Yesterday's EUR relief rally quickly gave way to the possibility of another election in Italy. But the significant risk facing the markets is will Italy be another Spain or morph into another Greece?
Things appear to be moving in a positive tangent in North Korea, and given all the noise this ruckus has created over the past fortnight, global markets are happy to see this summit happen. $Asia traded lower across the board yesterday with KRW/IDR/INR in the lead on improving geopolitical risk and favourable EM high yield scrim. But with the USD reasserting itself overnight vs. the EUR as Italian risk crumbles, the market has pulled back on some of the stretched positionings as the US dollar continues to show a strong haven backbone in the G-10 space.
Sticking with the political theme, The Malaysian ringgit continues to be a no-trade zone despite decent levels. Even more telling, however, was yesterday when regional sentiment was improving with USDAsia moving lower, and Indonesia /India yields also correcting lower, but the ringgit remained stuck in no man's land on little more than trickles of offshore flow.
Oil prices are falling fast and furious as WTI has plummeted nearly 10% of its peaks, as Saudi Arabia continues to make overtones that Russia and OPEC nations will pump more oil to ease global supply concerns. While all roads are pointing to OPEC raising production, the real question is by how much. Fine-tuning the supply calculus is a prudent move given that no one would benefit from a spike to $90+ per barrel. But this should not be confused with a breakdown on OPEC compliance, or should it?
On the other hand, the technical trading overlays are looking quite bearish as the aggressive sell-off is suggesting a significant top if forming on the uber-bearish reversal.
Conflicting signals abound with Italy contagion fears back on the forefront offset by the rising US dollar which remains the primary headwind for gold price. But we have a hectic week to navigate, chalk full of crucial US data none more significant than the May employment report, particularly considering the recent dovish conversation on wage growth in the May 2 FOMC minutes. While the market can agree and disagree on the importance of the geopolitical narratives, what's not debatable will be the US NFP data which could shape up the near-term outlook for the US dollar and gold prices in general.
Certainly, geopolitical risk will point to upside risk, but with the US dollar trade firm and attracting EU risk-off flows, geo-risk won't be a significant game changer until the USD weakens.
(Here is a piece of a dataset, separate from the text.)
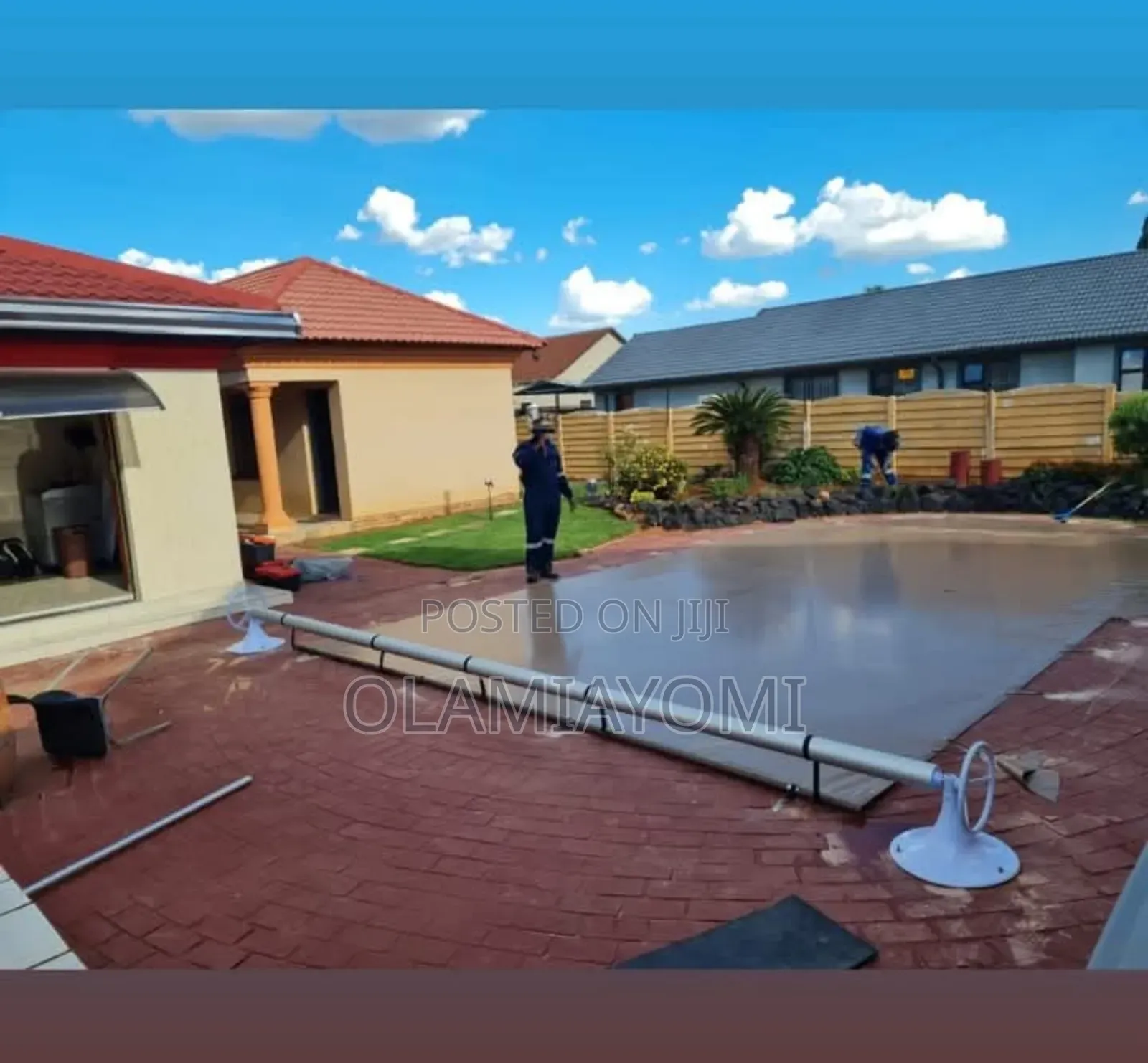 Pool Cover With Rowling Machine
EUR: EURUSD continues to buckle on haven USD flows given the heightened Italian political risk, while near-term growth dynamics based on the recent run of weak economic data in the EU are also providing tailwinds for the USD.
JPY: The Nikkei dynamics look fragile in the face of trade issues, and this continues to weigh on USDJPY sentiment. Also, the JPY is attracting EUR haven flows. Despite Abe's support waning, risk rewards below 109 do not paint a convincing argument suggesting more of the same range trade within the 109 handle.
MYR: The ringgit is putting in a repeat performance from last week so far as investors remain extremely cautious with the evolving political landscape.
KRW: USDKRW longs to unwind yesterday in consort with improving geopolitical risk, but undoubtedly month-end exporter flow was a driver with the KOSPI up marginally on muted different stream.
High yielders are trading positively on the backdrop of lower US 10-year yields.
IDR: Central Bank commitment to monetary policy is making compelling waves in both currency and bond markets. A move designed to get ahead of the Fed curve.
INR: The reversal in oil prices is the primary driver for improving sentiment.